STORED DATA Block Start

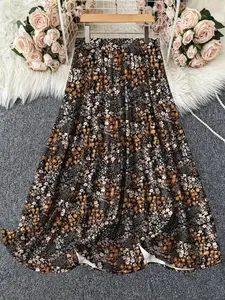 Women's Fashion Plus Size Elegant Boho Ditsy Floral Print, Loose Knit Vacation Casual Midi Skirt, Comfortable and Stylish Summer Dress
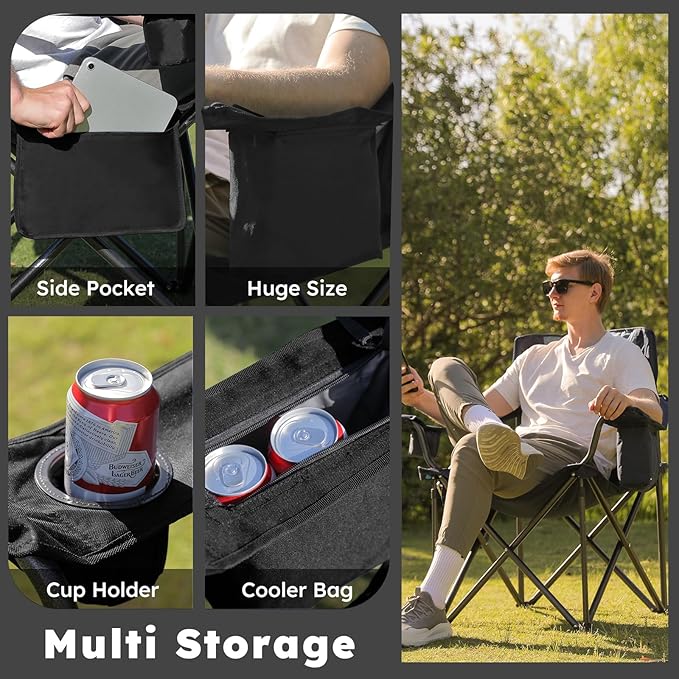 Oversized Camping Chairs 2 Pack - 450lbs Support Heavy Duty Folding Camp Chair Wide Portable Outside Collapsible Chairs with Carry Bag,Cooler,Cup Holder for Outdoor,Lawn,Sports,Baseball,Soccer-Black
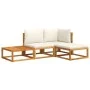 Solid acacia wood garden sofa set with 4 cushions. by , Outdoor sofas - Ref: Foro24-3278847, Price: 372,39 €, Discount: %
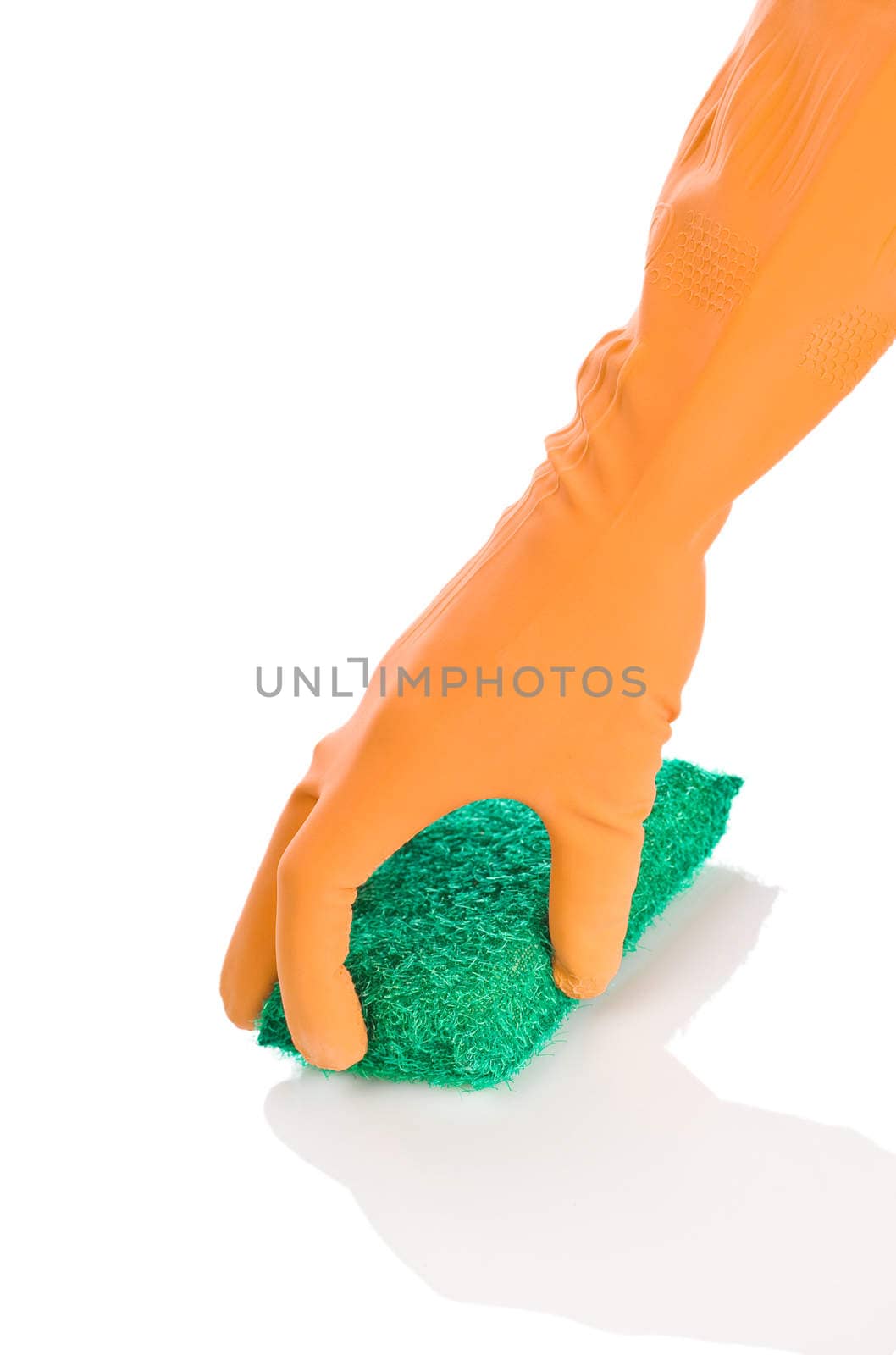 hand in orange glove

STORED DATA Block End

WHAT YOU HAVE TO DO >>
When you output the listing, reproduce it exactly but drop its pictures.

PROBLEM SOLUTION >>
 Women's Fashion Plus Size Elegant Boho Ditsy Floral Print, Loose Knit Vacation Casual Midi Skirt, Comfortable and Stylish Summer Dress
 Oversized Camping Chairs 2 Pack - 450lbs Support Heavy Duty Folding Camp Chair Wide Portable Outside Collapsible Chairs with Carry Bag,Cooler,Cup Holder for Outdoor,Lawn,Sports,Baseball,Soccer-Black
 Solid acacia wood garden sofa set with 4 cushions. by , Outdoor sofas - Ref: Foro24-3278847, Price: 372,39 €, Discount: %
 hand in orange glove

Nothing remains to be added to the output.